### Source material
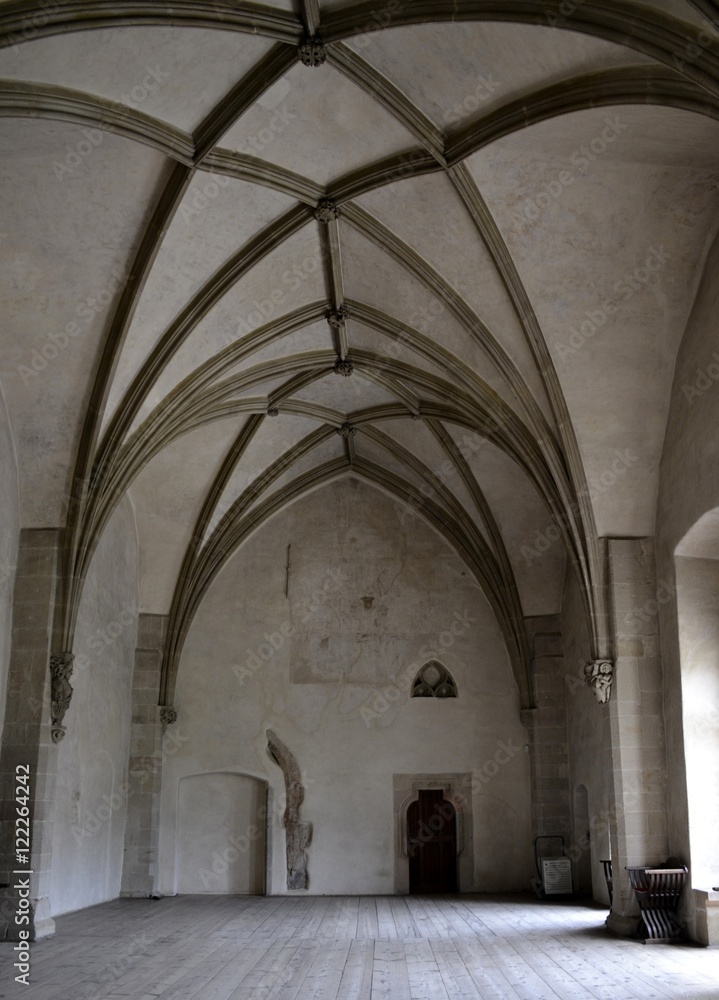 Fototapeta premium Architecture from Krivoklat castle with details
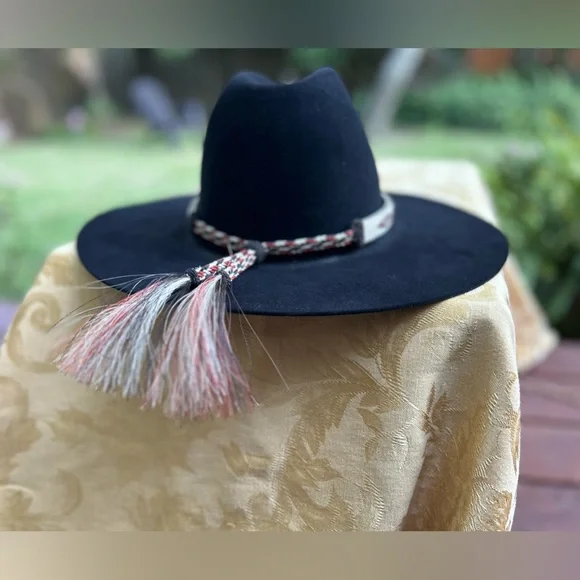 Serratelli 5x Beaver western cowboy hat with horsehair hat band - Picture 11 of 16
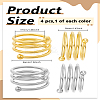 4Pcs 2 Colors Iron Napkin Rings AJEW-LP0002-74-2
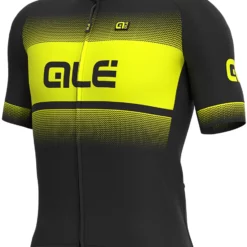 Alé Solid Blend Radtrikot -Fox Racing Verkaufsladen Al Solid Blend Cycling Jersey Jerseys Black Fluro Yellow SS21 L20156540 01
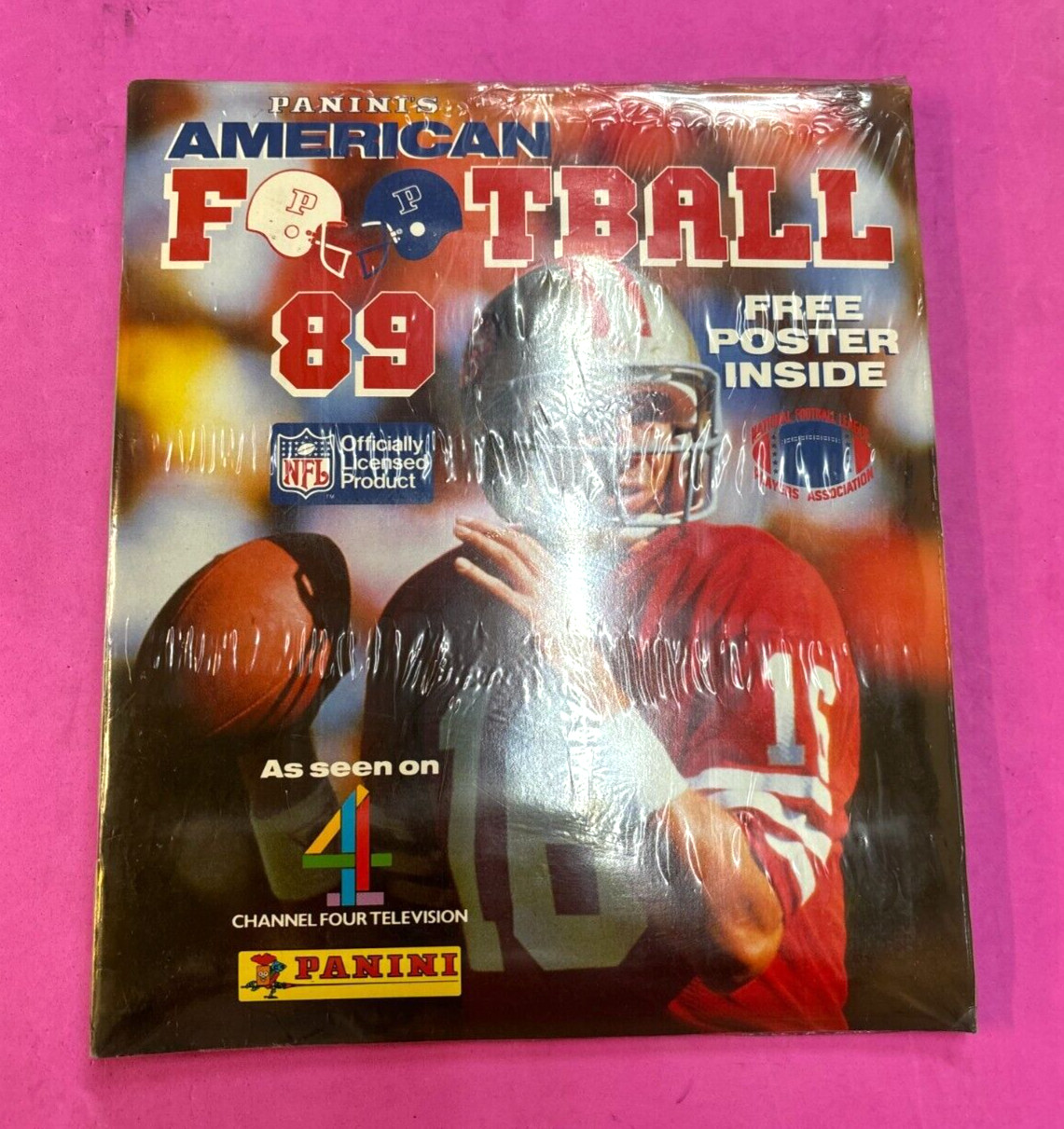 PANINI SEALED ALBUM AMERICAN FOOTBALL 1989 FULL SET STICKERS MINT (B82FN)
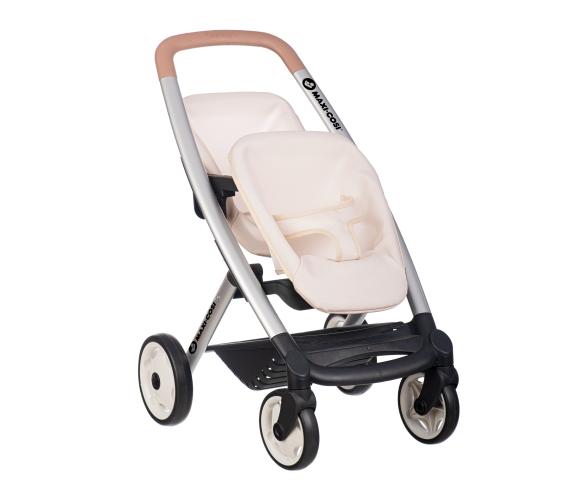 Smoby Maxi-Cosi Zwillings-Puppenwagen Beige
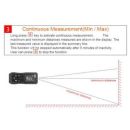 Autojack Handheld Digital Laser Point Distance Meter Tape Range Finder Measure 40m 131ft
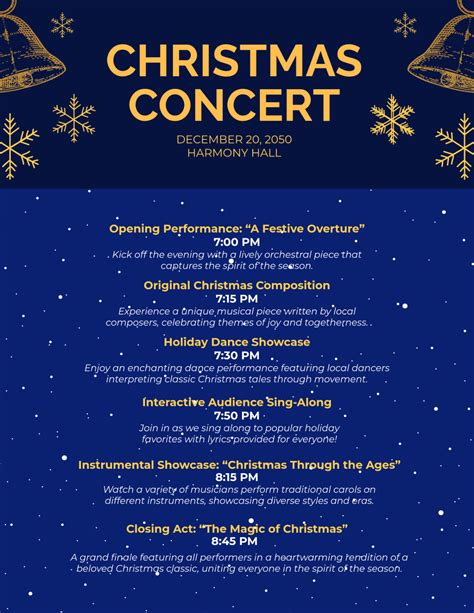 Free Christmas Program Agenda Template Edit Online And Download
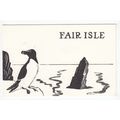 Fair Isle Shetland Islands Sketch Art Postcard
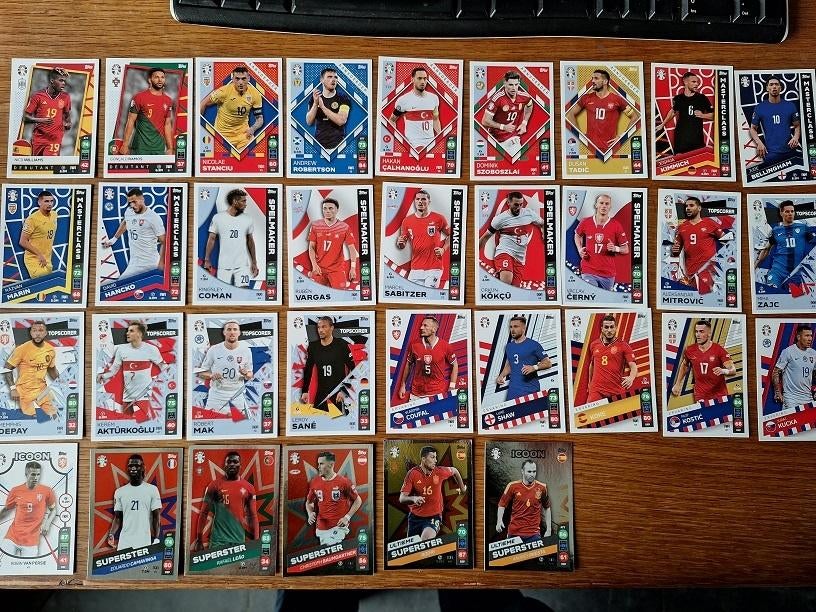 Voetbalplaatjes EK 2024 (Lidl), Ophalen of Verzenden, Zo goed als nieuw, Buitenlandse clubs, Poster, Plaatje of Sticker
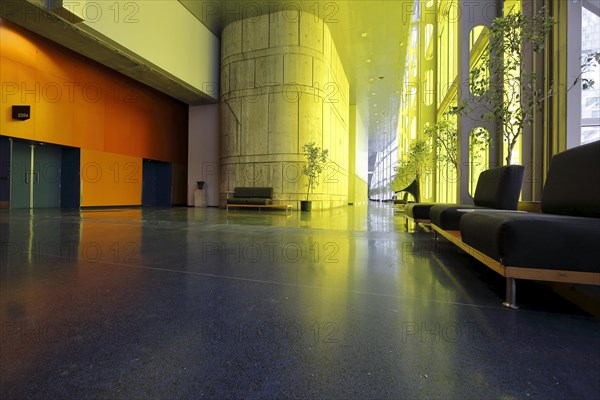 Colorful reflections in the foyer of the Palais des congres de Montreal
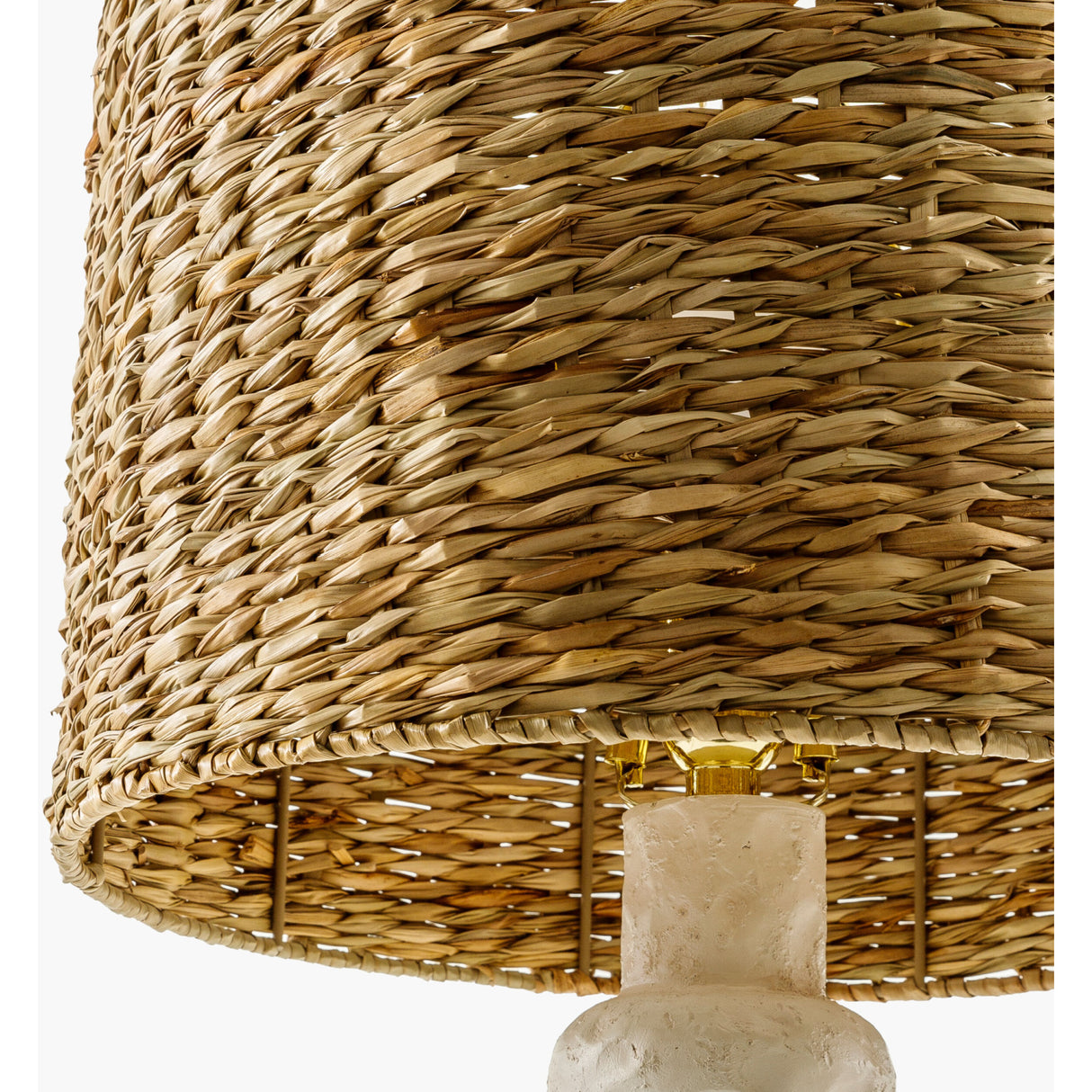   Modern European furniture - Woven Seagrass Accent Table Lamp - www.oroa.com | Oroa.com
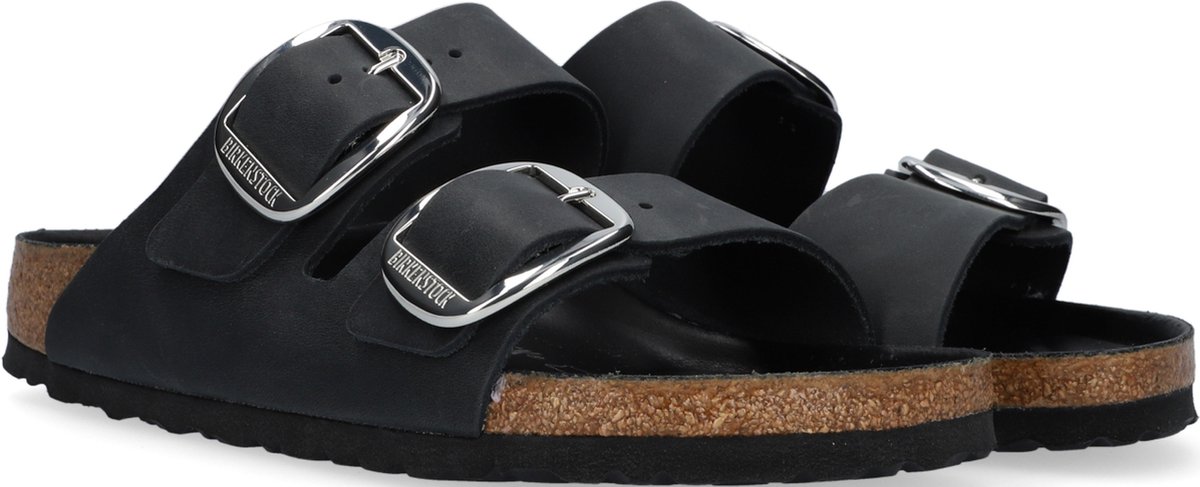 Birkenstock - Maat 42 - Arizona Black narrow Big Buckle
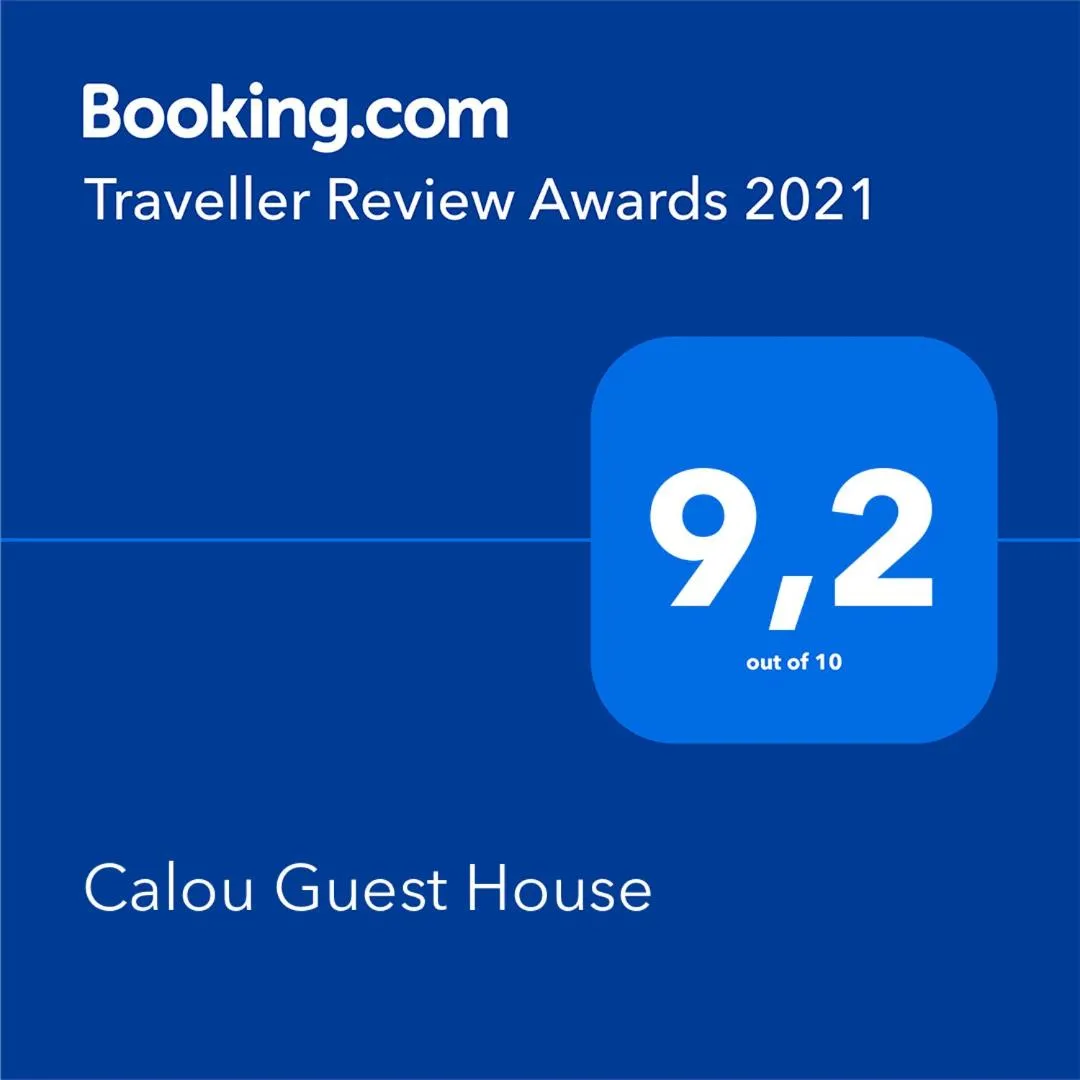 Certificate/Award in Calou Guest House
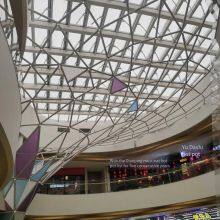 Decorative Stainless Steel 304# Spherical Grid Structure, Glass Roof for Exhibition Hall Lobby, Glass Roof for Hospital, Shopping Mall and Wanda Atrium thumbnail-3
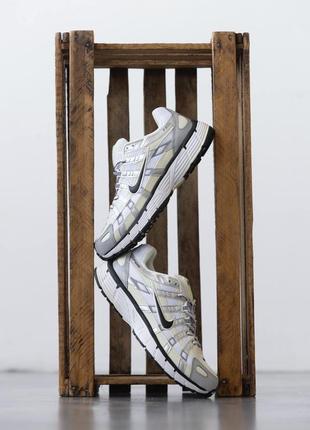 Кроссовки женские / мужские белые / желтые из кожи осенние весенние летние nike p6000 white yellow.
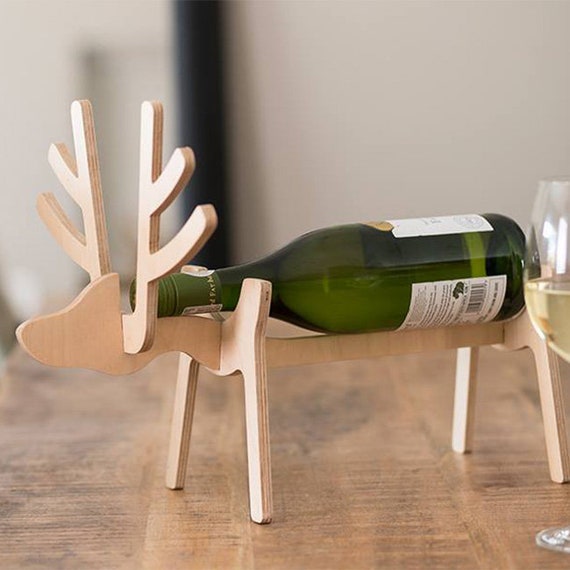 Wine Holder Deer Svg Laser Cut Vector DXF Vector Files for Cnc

### Exercise description
Starting at the line above that holds "Free Christmas Program", return each line up to and including the one that holds "Certificate/Award in Calou Guest House", exactly as written, minus any pictures.

### Your solution
 Free Christmas Program Agenda Template Edit Online And Download
 Fair Isle Shetland Islands Sketch Art Postcard
 Voetbalplaatjes EK 2024 (Lidl), Ophalen of Verzenden, Zo goed als nieuw, Buitenlandse clubs, Poster, Plaatje of Sticker
 Colorful reflections in the foyer of the Palais des congres de Montreal
   Modern European furniture - Woven Seagrass Accent Table Lamp - www.oroa.com | Oroa.com
 Birkenstock - Maat 42 - Arizona Black narrow Big Buckle
 Certificate/Award in Calou Guest House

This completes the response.